The Hague Congress was the fifth congress of the International Workingmen's Association (IWA), held from 2–7 September 1872 in The Hague, the Netherlands.

The Hague Congress is famous for the expulsion of the anarchist Mikhail Bakunin for clashing with Karl Marx and his followers over the role of politics in the IWA had accepted proposals made by Marx. It marked the end of this organization as a unitarian alliance of all socialist factions (anarchists and Marxists).

History

Background

The background to the congress lay in the failure of the Paris Commune in June of the previous year, and in the different lessons drawn from it by the two most prominent members of the International, Karl Marx and Mikhail Bakunin. Marx, in his pamphlet The Civil War in France, believed that the major lesson from the Commune was that it was essential for the proletariat to take control of the State and thus the International had to become a true political party of the proletariat. On the other hand, Bakunin saw the most important element of the Commune as being what he saw as the Parisian workers' rejection of the State in all its forms and continued to call for a revolutionary alliance of workers and peasants in a decentralized organization.

In September 1871, the General Council of the International, headed by Marx, held a conference in London at which a series of resolutions were passed, including one (sometimes known as Resolution No.9) which stated: "That this constitution of the working class into a political party is indispensable in order to ensure the triumph of the social revolution and its ultimate end — the abolition of classes." This was seen by many to imply a major change of direction to the content of the International's General Rules.

The resolution caused a great deal of consternation in many sections of the International, particularly in Italy, French-speaking Switzerland and Spain, as it was seen as a measure which would eliminate the autonomy of local sections and turn the General Council into a centralized political office. The Conference itself was considered irregular by these sections, who believed that decisions of this nature could only have been decided at a regular congress of the International.

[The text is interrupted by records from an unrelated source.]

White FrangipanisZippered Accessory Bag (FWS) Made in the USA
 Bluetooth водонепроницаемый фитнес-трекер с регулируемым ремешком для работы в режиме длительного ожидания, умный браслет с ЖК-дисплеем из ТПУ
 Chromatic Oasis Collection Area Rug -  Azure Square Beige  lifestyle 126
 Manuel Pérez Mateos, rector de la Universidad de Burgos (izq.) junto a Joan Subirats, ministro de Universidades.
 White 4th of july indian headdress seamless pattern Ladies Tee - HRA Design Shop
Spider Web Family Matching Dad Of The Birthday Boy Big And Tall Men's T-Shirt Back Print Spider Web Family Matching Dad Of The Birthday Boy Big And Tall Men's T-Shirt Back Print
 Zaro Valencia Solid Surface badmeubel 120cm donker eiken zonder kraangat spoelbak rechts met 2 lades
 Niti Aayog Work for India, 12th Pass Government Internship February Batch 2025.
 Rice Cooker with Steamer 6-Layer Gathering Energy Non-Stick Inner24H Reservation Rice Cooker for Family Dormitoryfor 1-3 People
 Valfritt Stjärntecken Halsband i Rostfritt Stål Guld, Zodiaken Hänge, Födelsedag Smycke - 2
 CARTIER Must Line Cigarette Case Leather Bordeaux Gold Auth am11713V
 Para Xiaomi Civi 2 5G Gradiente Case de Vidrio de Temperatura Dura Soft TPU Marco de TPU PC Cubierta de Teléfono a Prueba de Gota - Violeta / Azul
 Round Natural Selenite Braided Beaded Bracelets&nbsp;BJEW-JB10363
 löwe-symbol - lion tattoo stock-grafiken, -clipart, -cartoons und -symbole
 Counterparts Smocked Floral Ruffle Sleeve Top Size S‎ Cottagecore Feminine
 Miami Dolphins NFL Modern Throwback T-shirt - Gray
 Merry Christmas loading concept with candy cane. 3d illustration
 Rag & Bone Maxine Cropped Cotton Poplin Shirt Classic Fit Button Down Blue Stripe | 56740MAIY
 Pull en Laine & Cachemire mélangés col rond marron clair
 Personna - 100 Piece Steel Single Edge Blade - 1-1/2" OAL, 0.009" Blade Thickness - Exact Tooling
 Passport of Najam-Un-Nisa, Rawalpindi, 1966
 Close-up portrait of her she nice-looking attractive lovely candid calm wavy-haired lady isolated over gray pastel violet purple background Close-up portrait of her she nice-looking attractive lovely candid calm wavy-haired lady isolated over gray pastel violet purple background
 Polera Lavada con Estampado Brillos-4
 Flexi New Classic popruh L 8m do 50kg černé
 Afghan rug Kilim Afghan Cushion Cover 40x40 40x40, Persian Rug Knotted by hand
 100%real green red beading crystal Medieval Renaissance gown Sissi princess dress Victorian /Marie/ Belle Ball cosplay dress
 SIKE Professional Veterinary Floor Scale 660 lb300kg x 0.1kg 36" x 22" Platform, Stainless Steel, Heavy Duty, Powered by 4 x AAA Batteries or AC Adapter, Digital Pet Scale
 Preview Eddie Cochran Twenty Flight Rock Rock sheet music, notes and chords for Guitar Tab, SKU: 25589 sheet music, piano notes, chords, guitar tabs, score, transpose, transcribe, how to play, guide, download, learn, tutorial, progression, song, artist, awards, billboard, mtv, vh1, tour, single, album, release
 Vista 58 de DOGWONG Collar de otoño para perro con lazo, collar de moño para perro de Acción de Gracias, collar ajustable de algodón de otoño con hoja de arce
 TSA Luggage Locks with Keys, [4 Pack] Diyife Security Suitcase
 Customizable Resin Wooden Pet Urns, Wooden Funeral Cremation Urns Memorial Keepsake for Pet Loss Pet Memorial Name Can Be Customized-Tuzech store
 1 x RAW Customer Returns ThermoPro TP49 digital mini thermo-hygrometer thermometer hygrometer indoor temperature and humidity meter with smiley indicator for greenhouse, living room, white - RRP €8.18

In June 1872, a Congress was convened for 2 September 1872 in The Hague, the agenda for which was to concern a general revision of the organization's General Rules.

During the conference

The Hague Congress met from 2 to 7 September 1872 in The Hague, the Netherlands. Marx declared that the proletariat had to take control of the state for a successful revolution, and advocated that the Congress vote to uphold this view. The anarchists naturally objected. Anarchist leaders Mikhail Bakunin and James Guillaume were expelled for protesting after the Congress accepted Marx's proposal. Bakunin was not present at the conference but was expelled in absentia.

Aftermath

After the expulsion of Bakunin and James Guillaume from the Hague Congress, the anarchists declared it null and void.

The anarchist faction (including the Jura federation, and the federations of Spain, Italy and Belgium) then held its own Congress of Saint-Imier, a few days later, from which also emerged the Anarchist St. Imier International.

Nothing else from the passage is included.